Alternatives to raise funds
On the alternatives for Eskom in raising funds, Craven said it should cut fat, drastically improve its revenue collection capacity and manage contracts effectively to address its financial problems.
Government as the shareholder must also intervene in a big way to help Eskom out of its financial problems, he said.
Referring to the R10bn municipalities owe Eskom, Craven said it is unfair for municipalities to put a huge mark-up on top of the Eskom electricity tariff, making electricity unaffordable for many poor households, and then fail to pay Eskom.
Craven suggested that Eskom also review the low electricity prices it charges intensive electricity users like smelters, as well as address electricity theft and bribery and corruption inside its ranks.

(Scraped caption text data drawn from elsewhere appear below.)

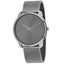 Reloj Movado para Hombre Bold - Esfera Gunmetal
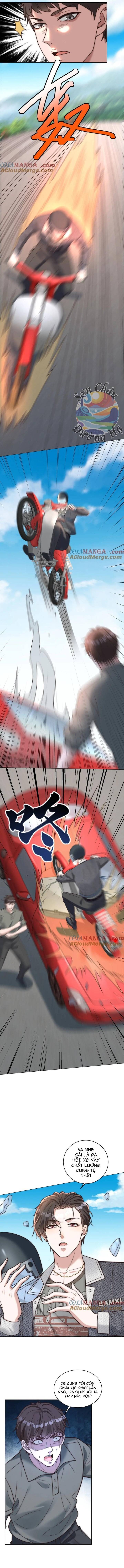 Vật Phẩm Mất Giá: Bách Vạn Thần Hào Quy Lai: Chapter 14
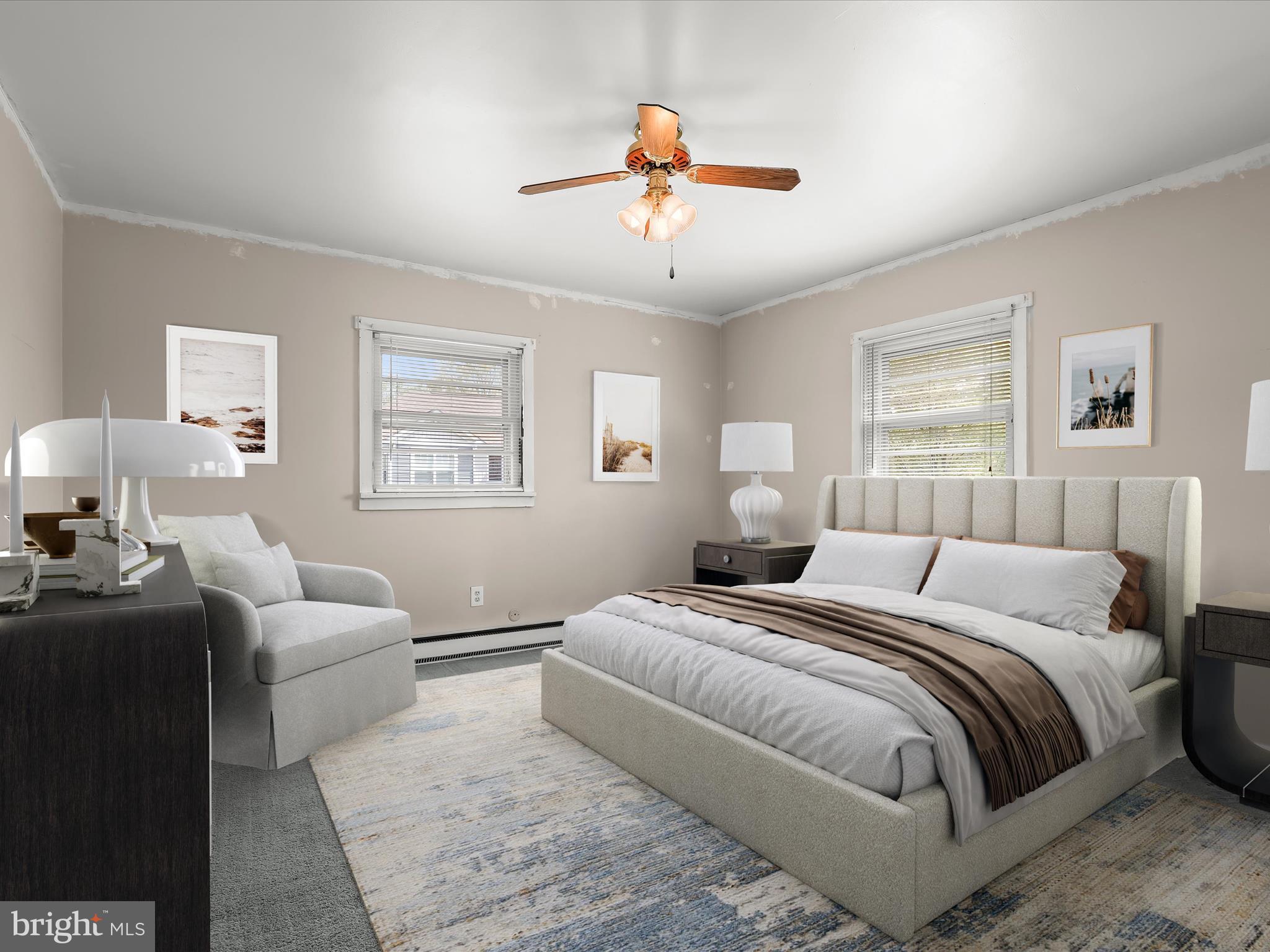 HONEYSUCKLE RIDGE - Residential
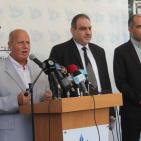 اطلاق الحملة الإلكترونية 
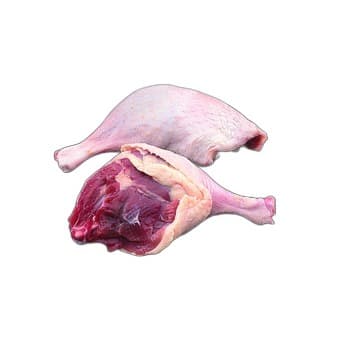 NOGA Z KACZKI PEKIN, MIĘSNE SPECJAŁY MAP ok. 0,5 KG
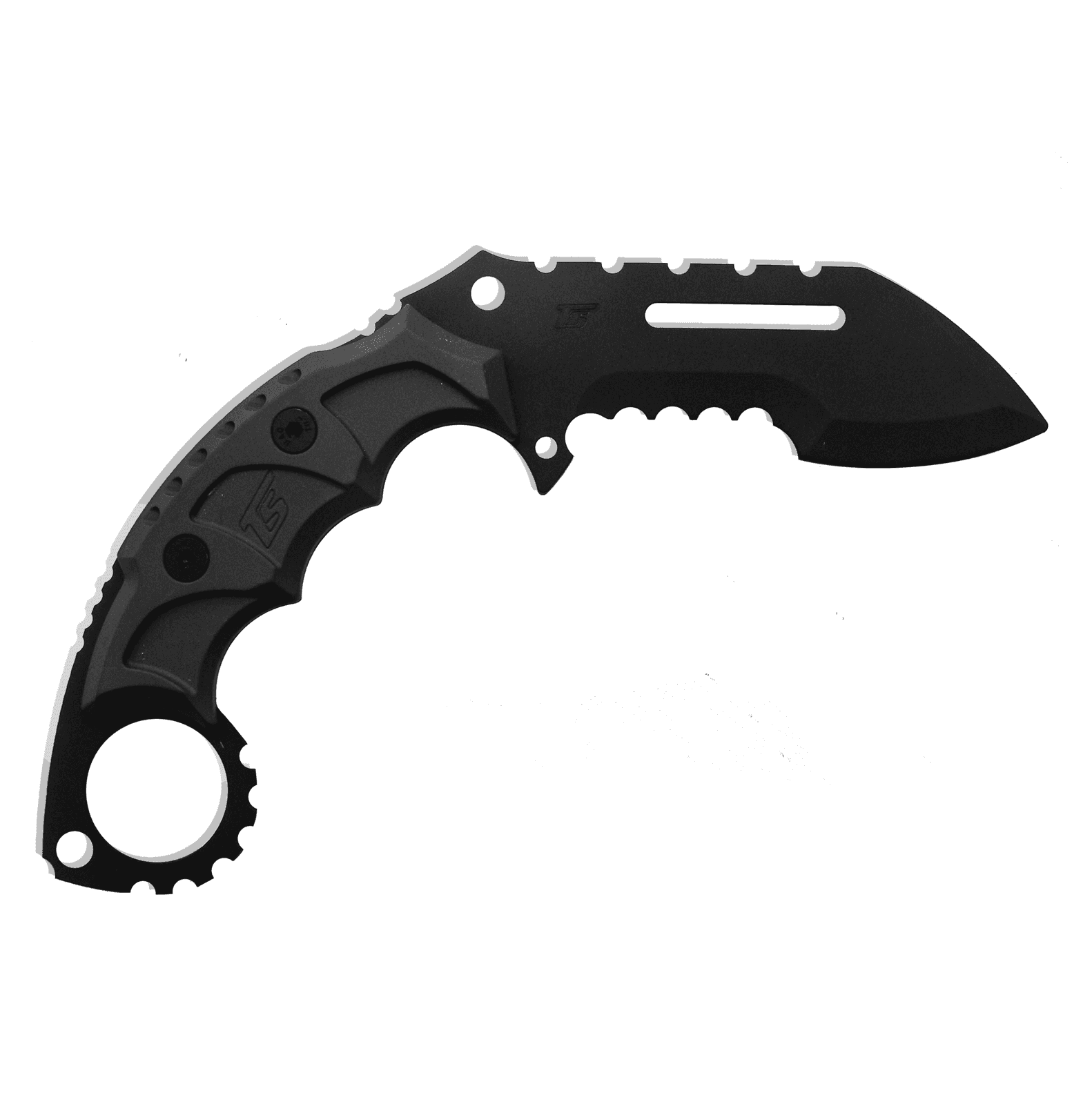 COLTELLO KARAMBIT DUMMY CHACAL G3 - TSBLADES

Another cost cut measure for Eskom would be terminating its three-year contract to sponsor the New Age’s business breakfast briefings, “which don’t add any value in addressing the challenges the country is facing (unemployment, poverty and inequality)”.
Craven also suggested that executives give back “undue bonuses” for the money to be used effectively in addressing Eskom’s financial problems.
On the enormous impact a further electricity tariff hike would have on cash-crunched consumers, Craven said workers and their families have already been slapped with increases in personal income tax and the fuel levy.